Roush Review: The Sexy Saga of ‘Pam & Tommy’ Is Colorfully Told

Lily James as Pam, Sebastian Stan as Tommy in Pam & Tommy
Review
Erin Simkin/Hulu

Pam & Tommy

Matt's Rating: rating: 4.0 stars

Stranger than fiction: That’s the allure of any juicy docudrama, embellishing larger-than-life stories for maximum entertainment value. Hulu’s unexpectedly exhilarating eight-part Pam & Tommy does just that, taking the lurid subject matter of a purloined celebrity sex tape and expanding it into a colorful homage to the bygone 1990s—VHS and VCRs, dial-up internet, Tower Records—by way of a genuine love story and a vengeful caper gone sideways.

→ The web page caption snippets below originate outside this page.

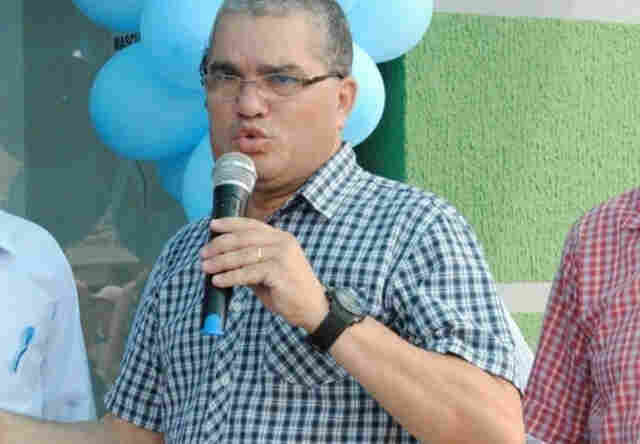 Polícia prende vereadores, secretário e suspeitos de mandar matar radialista em Rondônia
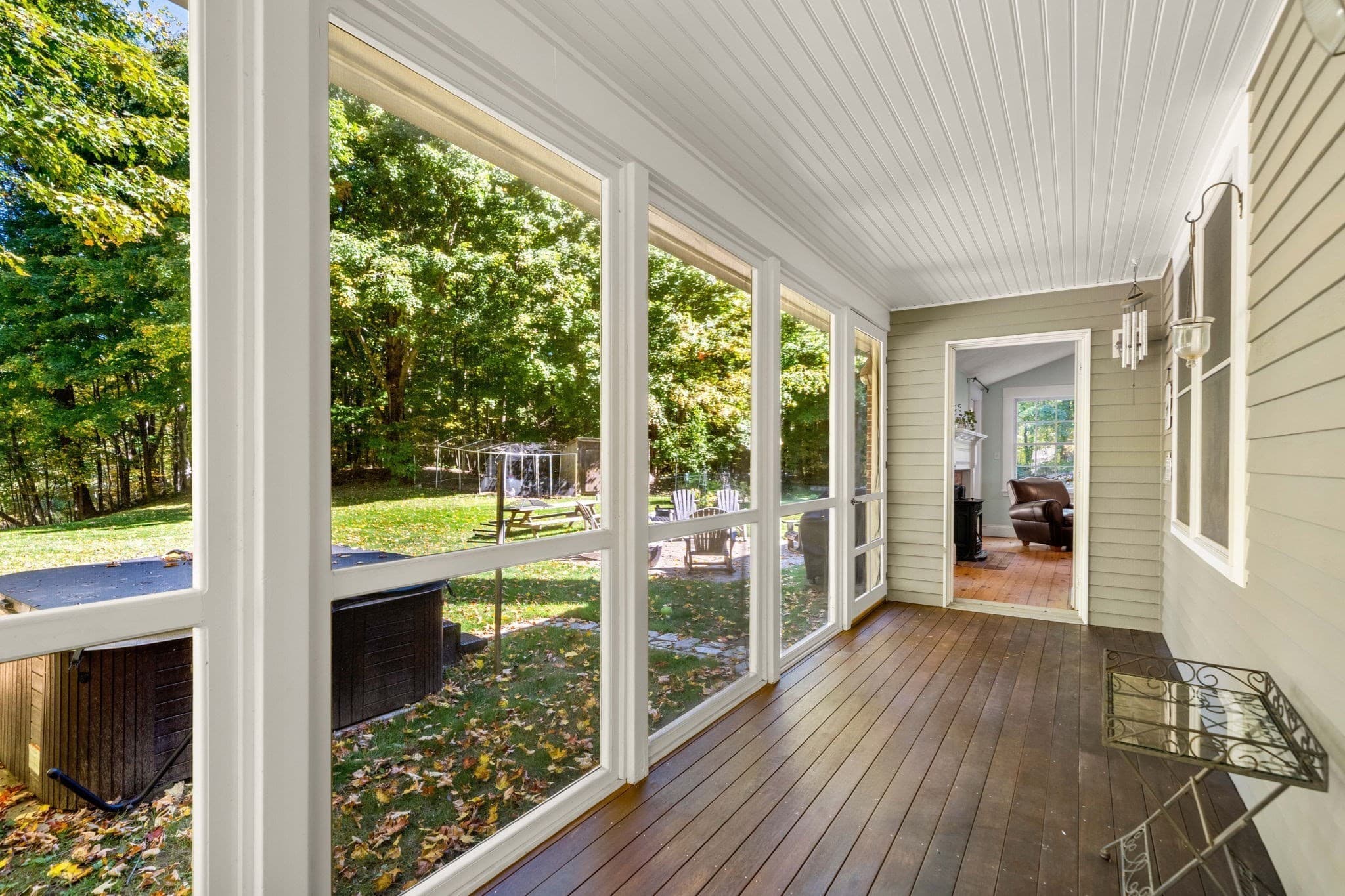 Single Family Residence at 70 Longley Rd, Groton MA 01450, Groton, photo 18 of 41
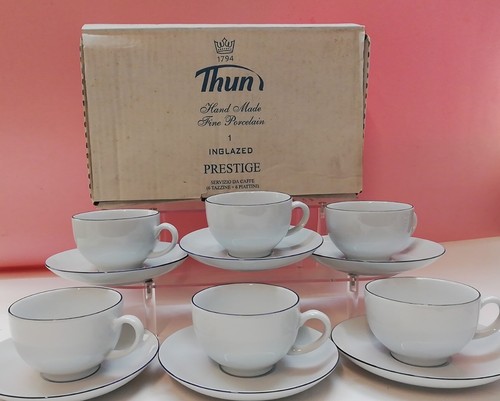 Thun 1794 prestige - thun, 6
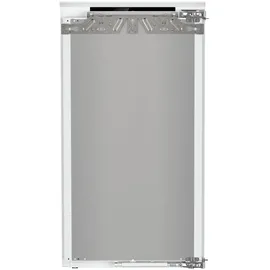 Liebherr IRBbi 4050-22 Einbaukühlschrank (157 l, 1022 mm hoch)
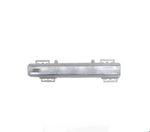 GÜNDÜZ LED FAR SOL ML-Class W166 X204 GLK 2011- resmi
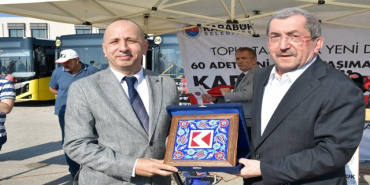 karsandan-karabuk-belediyesine-50-adet-jest-1692692333
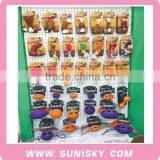 Halloween Style Dog Toys thumbnail-1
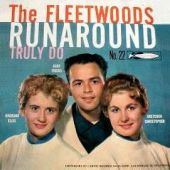 1960 : Runaround
fleetwoods
single
dolton : 22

Lily James and Sebastian Stan are sensational as Pamela Anderson and Tommy Lee, the Baywatch sex kitten and volatile rock star, whose lust-at-first-sight relationship and careers hit the rocks after a graphically intimate video is stolen from their safe and marketed on a newfangled platform called a “website.” The culprit: Rand Gauthier (Seth Rogen, sympathetically nebbishy), a hard-luck carpenter, amateur theologian and former porn actor with an avenging-angel complex whom Tommy foolishly stiffs in one of his fits of immature anger.

Seth Rogen as Rand, Nick Offerman as Miltie, Andrew Dice Clay as Butchie in Pam & Tommy

Kelsey McNeal/Hulu

Rand sees himself as an agent of karma and the sex tape an “instrument of justice,” but after a rollicking reenactment of the burglary, payback works both ways when Rand learns about bootlegging and how hard it is to control anything on the World Wide Web. With sleazy associates like Andrew Dice Clay (as a ruthless loan shark) and Nick Offerman (an unscrupulous porn producer), Rand was always doomed—but for Pam and Tommy, the humiliation cuts deep as the personal becomes public and their hedonistic happiness sours amid a cacophony of tabloid and late-night mockery.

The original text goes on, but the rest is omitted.